#### INFORMATION SHOWN
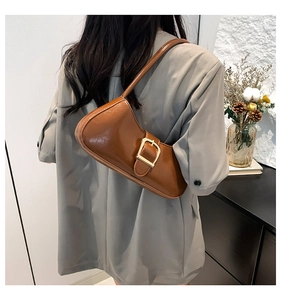 Brown semi-circle shoulder bag with large gold buckle worn by model from behind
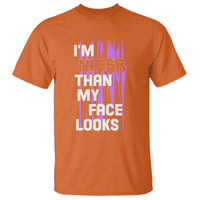Crew neck T-shirt in orange with multicolor "I'm Nicer Than My Face Looks" print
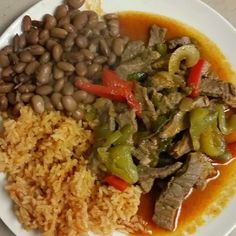 a white plate topped with rice and beans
########
Take the line that holds "Crew neck T-shirt" as the start and the last line of the data as the end. Copy only those lines exactly, both ends included, except the pictures.

## RESULT OF THE TASK
Crew neck T-shirt in orange with multicolor "I'm Nicer Than My Face Looks" print
 a white plate topped with rice and beans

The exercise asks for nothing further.